SQL Antipatterns

Written — Updated
  • Author: Bill Karwin
  • Logical Database Design Antipatterns
    • Formatting Lists as Comma-Separated Strings
      • I think this happens in databases that don't support array types. Apparently it comes up most often when changing an existing one-to-one relation into a many-to-one relationship as a way to avoid altering the database schema.

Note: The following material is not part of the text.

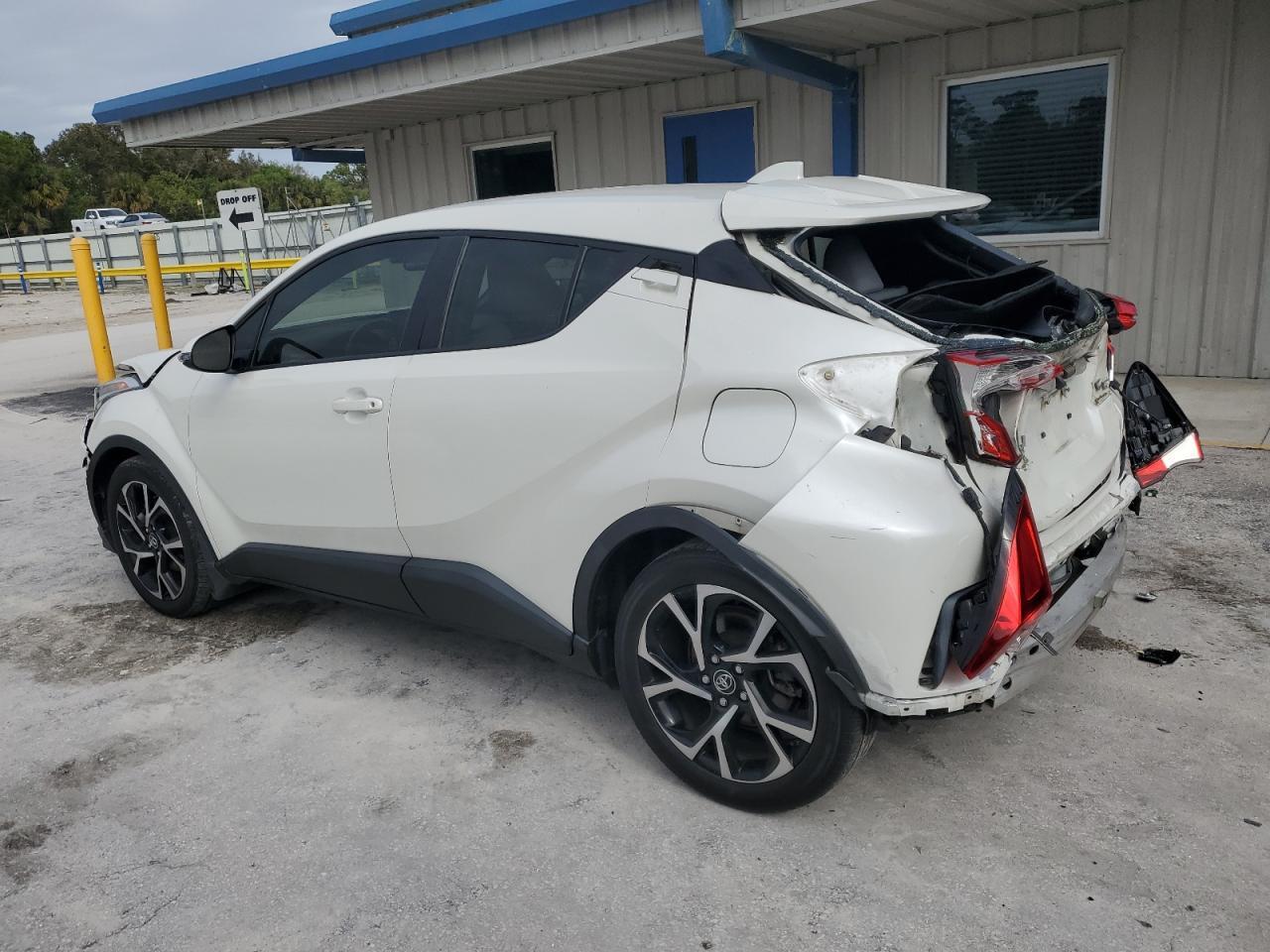 2019 TOYOTA C-HR XLE - Фото 2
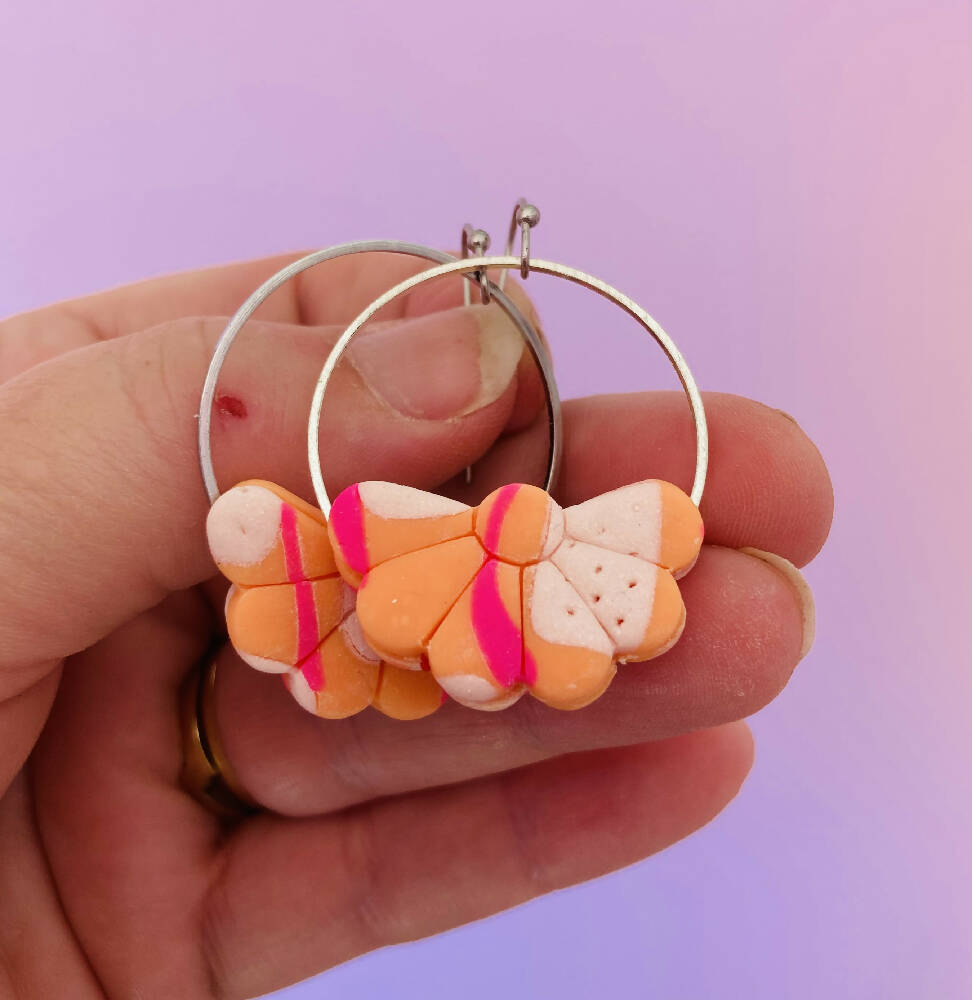 Hook flower / circle embellishment earrings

I guess this is for DBMS that don't support array types?
      • The obvious problems with this are that querying and updating the data becomes a hassle, and foreign key constraints and indexes don't work correctly.
      • An array field works better, but it shares a lot of the downsides with the comma-separated string method: complicated indexes, harder to query and join against.
      • The best way is to use an intersection table
        • CREATE TABLE PaperAuthors (
            paper_id BIGITN NOT NULL,
            author_id BIGINT NOT NULL,
            PRIMARY KEY(paper_id, author_id),
            FOREIGN KEY(paper_id) REFERENCES Papers(paper_id),
            FOREIGN KEY(author_id) REFERENCES Authors(author_id)
          );
          
        • This also makes it easy to add metadata on a relationship, such as the date it was created or who added the entry.
    • Naive Trees
      • Representing a tree structure in a SQL database can be tricky. The obvious way is for each row to have a reference to its parent row, called the Adjacency List method, though this doesn't scale well as the tree gets deeper.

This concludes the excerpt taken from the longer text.